WHAT YOU WILL DO: Return an exact copy of the lines from the one holding "Ahora Elegant Women" to the end of the data, including both the starting and final lines. Leave the pictures out.

PROVIDED MATERIAL:
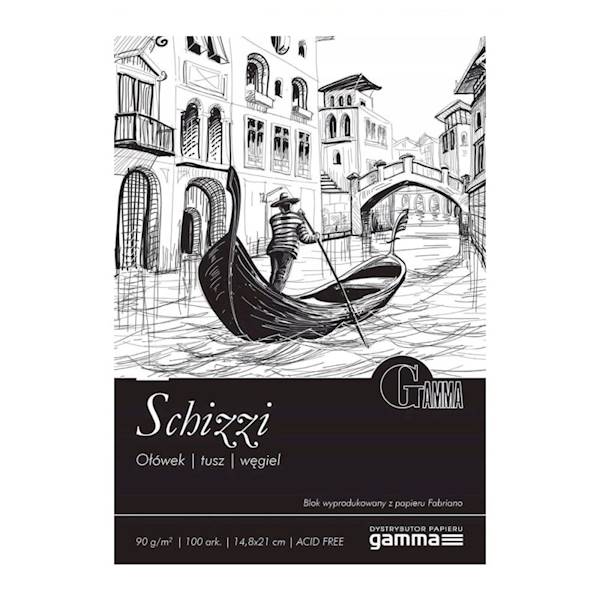 BLOK SCHIZZI NA SPIRALI 90g 14,8X21 GAMMA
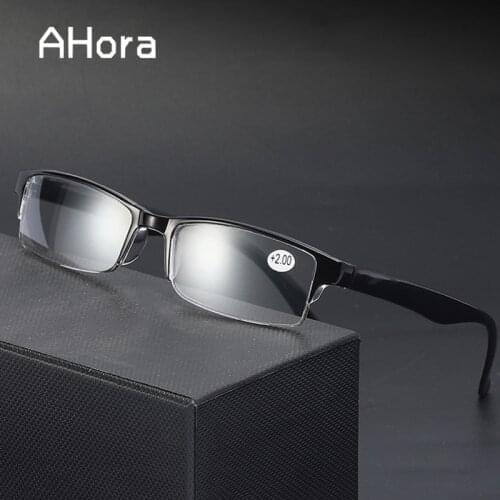 Ahora Elegant Women Men Reading Glasses Half Frame Presbyopic Reading Glasses Unisex Ultralight HD Eyeglasses +1.0 1.5 2.0 2.5 3
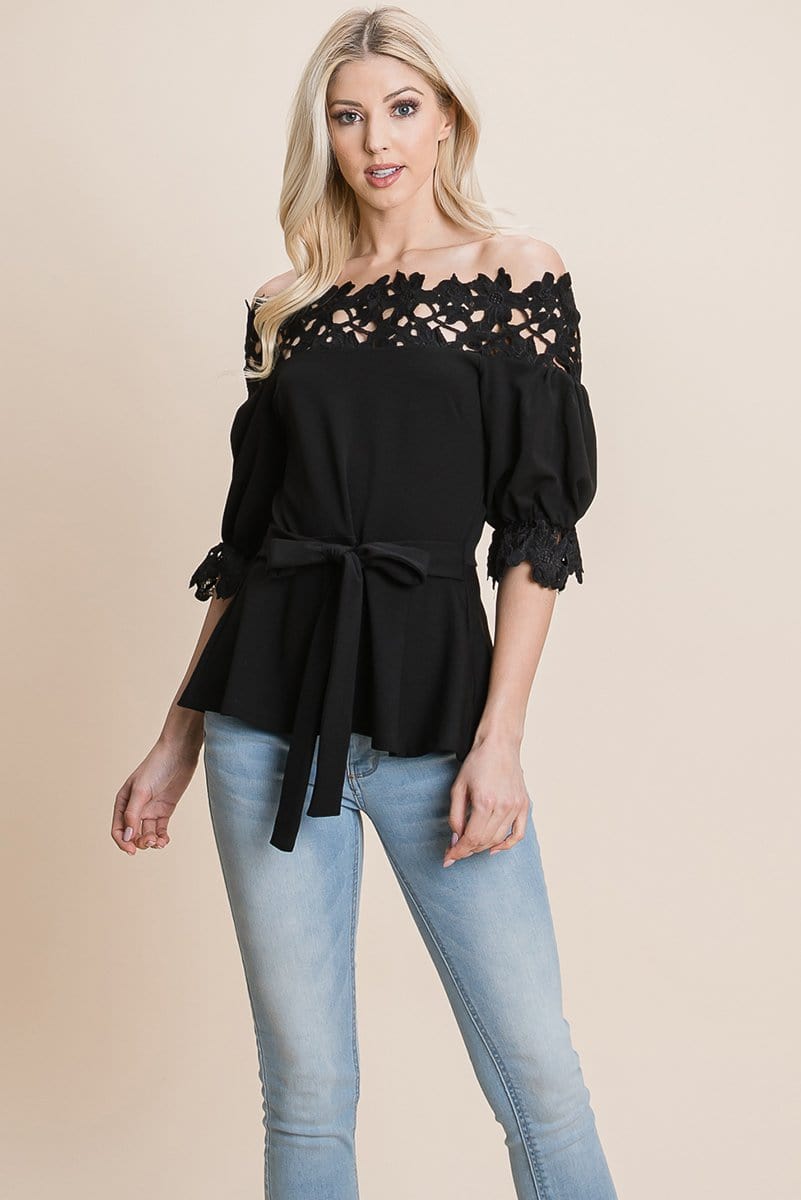 Lace Crochet Self Belted Off The Shoulder Tops with Back Zipper | Apparel | Kitchen + Metal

EXERCISE ANSWER:
 Ahora Elegant Women Men Reading Glasses Half Frame Presbyopic Reading Glasses Unisex Ultralight HD Eyeglasses +1.0 1.5 2.0 2.5 3
 Lace Crochet Self Belted Off The Shoulder Tops with Back Zipper | Apparel | Kitchen + Metal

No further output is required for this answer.